19 сентября 1952, юго-западная Англия
Просмотрел подшивку газетных вырезок и писем. Боже мой, кем только не провозгласили меня, какое только звание не присвоили мне, какую только гадость не вылили на меня. Если бы половина была правдой, мне надо было бы ходить в форме маршала М.Н. Тухачевского – в воскресенье, генерал-полковника авиации – в понедельник, Генерал-майора МГБ – во вторник, подполковника Токаева – в среду, главного атомного физика СССР – в четверг, главнокомандующим 300 000-ой армии крестового похода на Москву – в пятницу, а в субботу – застрелиться.
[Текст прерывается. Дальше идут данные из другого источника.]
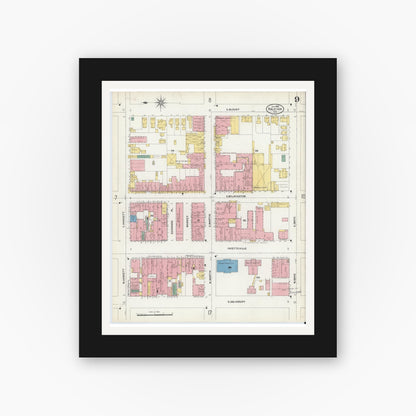 Old map wall art mockup — black gallery frame with white mat — Sanborn Fire Insurance Map from Raleigh, Wake County, North Carolina (1903), Sheet #0009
Среди многих других случаев были и такие, не ответить на которые было бы неправильно. Я предоставляю читателю возможность судить о них без моей помощи – вот они: «На днях здесь произошло совершенно необыкновенное событие. Лондонская коммунистическая газета «Дейли Уоркер» принесла публичное извинение нашему соотечественнику полк. Г.А. Токаеву за то, что на своих страницах она объявила его самозванцем, обманщиком и лжецом. Это редактированное в самых унизительных для газеты выражениях извинение было сделано сначала в заседании Высшего Суда, а потом напечатано во всех лондонских газетах, в том числе и на страницах «Дейли Уоркер».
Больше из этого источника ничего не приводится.